**PROVIDED MATERIAL**
+ + + +

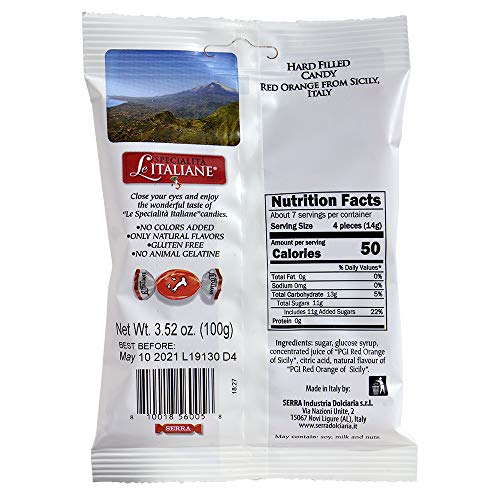 Serra Le Italiane, Italian Natural Hard Candy Filled With Red Or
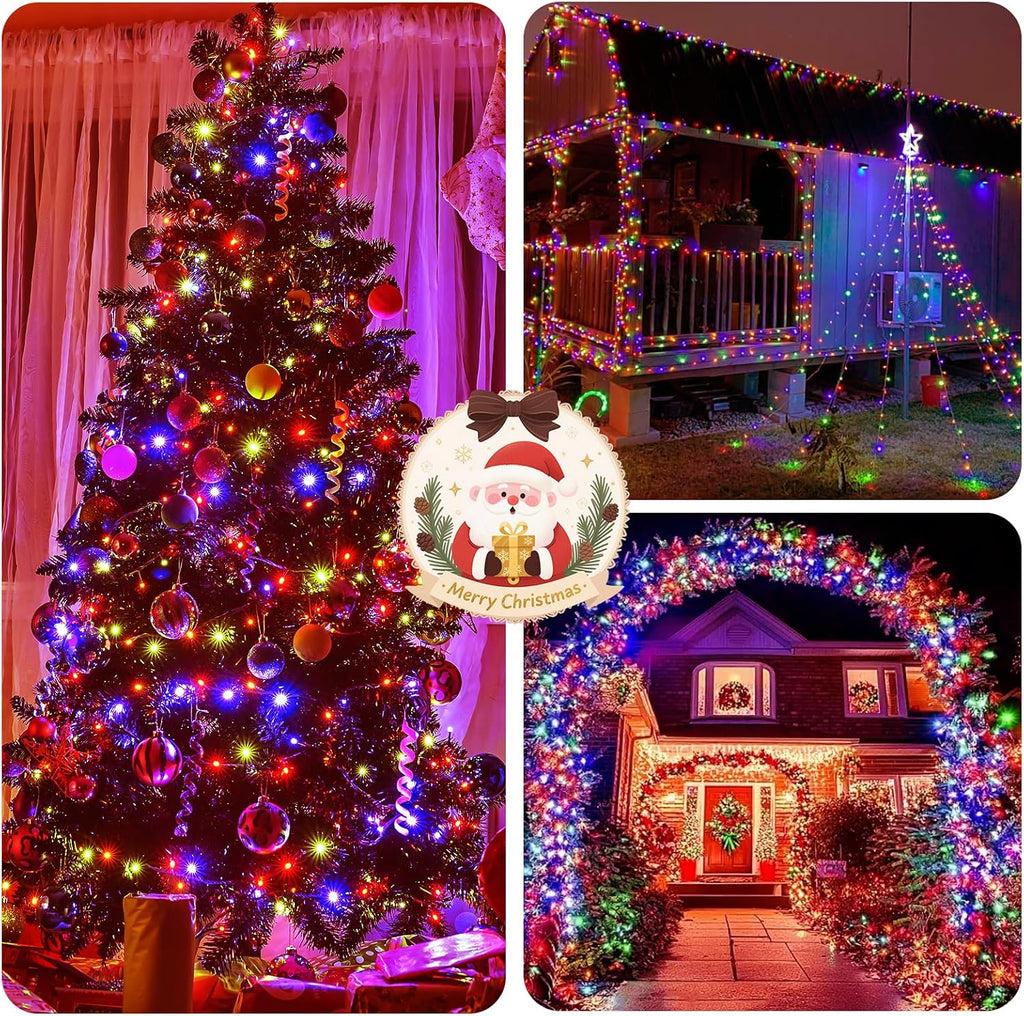 bhclight 50ft 1000led cluster christmas lights with remote, side view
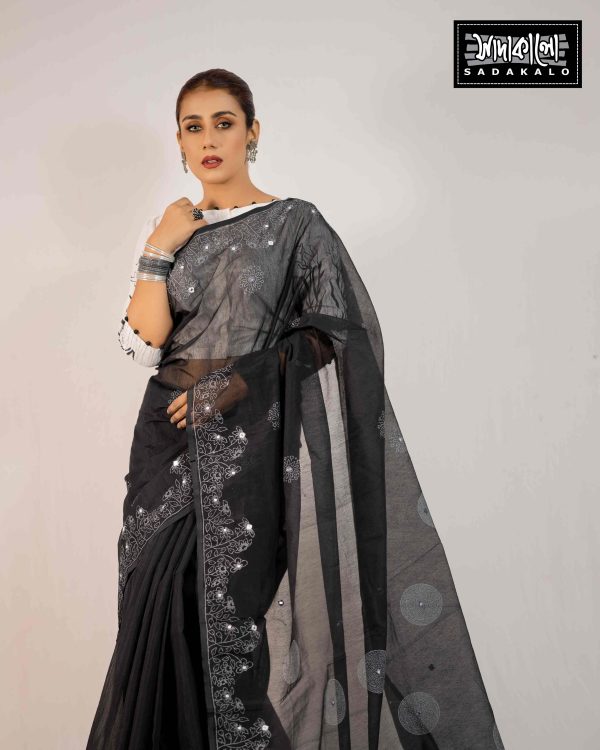Modern Party Black Saree with White print - Image 2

+ + + +

**TASK TO COMPLETE**
Here the lines from the one with "bhclight 50ft 1000led" through the last line of the data above need to be repeated exactly, both included, and any picture omitted.

**TASK RESULT**
 bhclight 50ft 1000led cluster christmas lights with remote, side view
Modern Party Black Saree with White print - Image 2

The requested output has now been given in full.